I believe part of the issue may come from the fact that smiles are generally 2 characters long, and I am only matching 1 character at a time?
Interestingly, replaceAll("(?![Tt])[Oo]","")
removes every occurrence of the letter O, even in the word "to." Does this mean my replaceAll function does not understand regex lookahead? It doesn't throw any errors...
I ended up using
replaceAll("(?<![=:;])[\\]\\[\\(\\)\\/]","")
.replaceAll("[=:;](?![\\]\\[\\(\\)o0OpPxX\\/])","")
.replaceAll("[^a-zA-Z=:;\\(\\)\\[\\]\\/ ]","")
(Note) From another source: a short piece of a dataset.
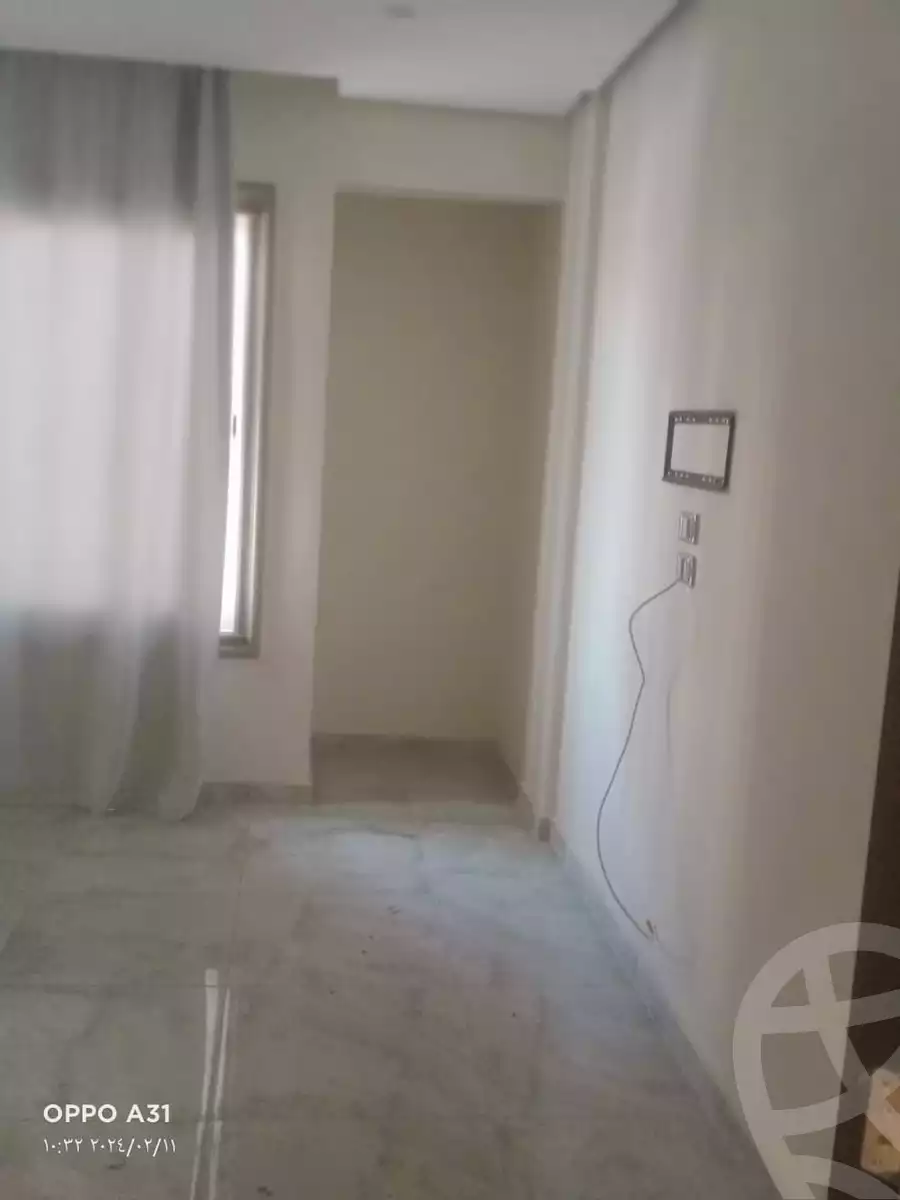 https://aqarmap.com.eg/ar/listing/5752528-for-sale-cairo-new-cairo-compounds-galleria-moon-valley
which is extremely messy but works perfectly. The... quick! (brown) fox jump's over the[] lazy dog. :] =O ;X
becomes THE QUICK BROWN FOX JUMPS OVER THE LAZY DOG :] =O ;X
Edit: Ignore that fix, see the accepted answer below.
It should be pretty easy to due this using a negative lookahead. Basically the match will fail at any position where the regex inside of the (?!...)
group matches. You should follow the negative lookahead with a single wildcard (.
) to consume a character if the lookahead did not match (meaning that the next character is a non-letter character that is not part of a smiley face).
edit: Clearly I hadn't tested my original regex very thoroughly, you also need a negative lookbehind following the .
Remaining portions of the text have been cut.